I kissed my wife goodbye and headed out into the storm. As I went from the mobile home I was renting to the service bucket truck, I was brought to full attention by the quick-stings of the blowing hail. The marble sized pellets made a terrible racket. I was amazed that no windows were getting broken, or my eye -glasses for that matter.
Since the outage was system wide, I had an idea that the problem was going to be at what we call the “head-in”. The head-in is where the actual signals or broadcast for any given system is/are collected from different source via microwaves, satellite or antennas and distributed over cable to your TV set. The head-in is sometimes a small building next to the tower that houses equipment to collect and convert signals and give the technicians a means to monitor the activities.
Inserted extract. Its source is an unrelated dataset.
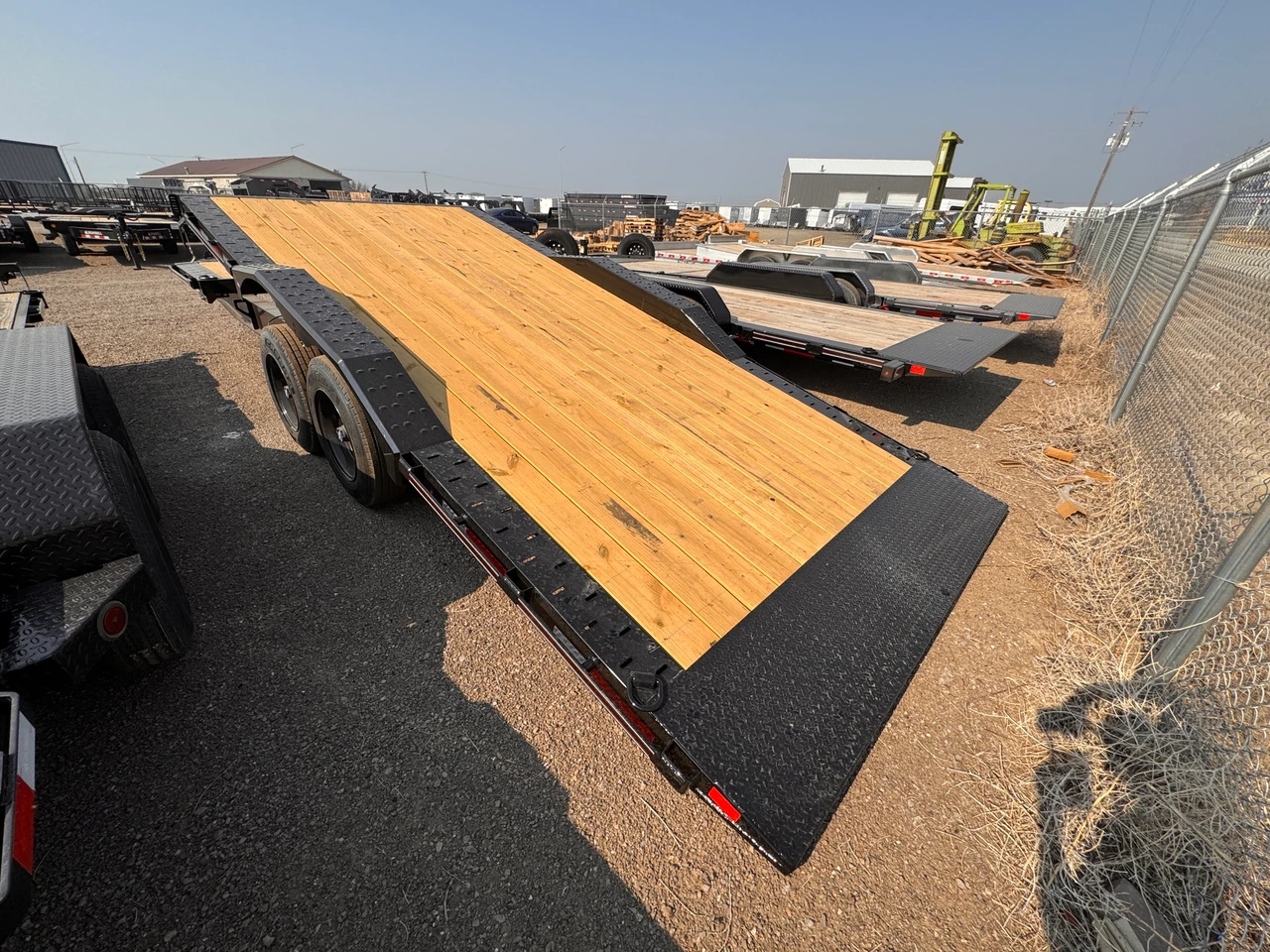 Diamond C Trailers HXD208 102"X22' Tilt Trailer | Tandem Axle Axle 18K, Drive Over Fenders, XL Locking Tongue Box, 4' Stationary Deck,  2 Speed Jack, Spare Tire Mount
It will usually have a gas or diesel generator close by.
After about half an hour of driving on very slick paved roads, I turned onto a gravel and dirt path that led to the head-in. Sure enough. The building was pitch black and the 700 foot antenna tower was dead as well. Not even a small lamp was lit anywhere on the property. This meant that not only was the power company down but so was our back-up generator. It is vital that the tower lights stay on so aircraft don't crash into them. Television cable companies at that time were considered a utility and the utility commission mandated that all outages were corrected withing 24 hours maximum and no more than one hour response time.
It was a long, cold ten minutes but I finally got the frozen locks open to the gate and the head-in.
The dispatcher at the office had told me that people at the TP&L (Texas Power and Light) Company had major problems with the storm, and had no idea when the power was going to come back on.
There was a small generator in one of the bays of my truck. My plan was to hook the leads from the small generator up to where the leads for the building generator were located. Then climb up and change the connector leads to the generator from the TP&L system. Come back down, restart everything and all would be good to go. I thought.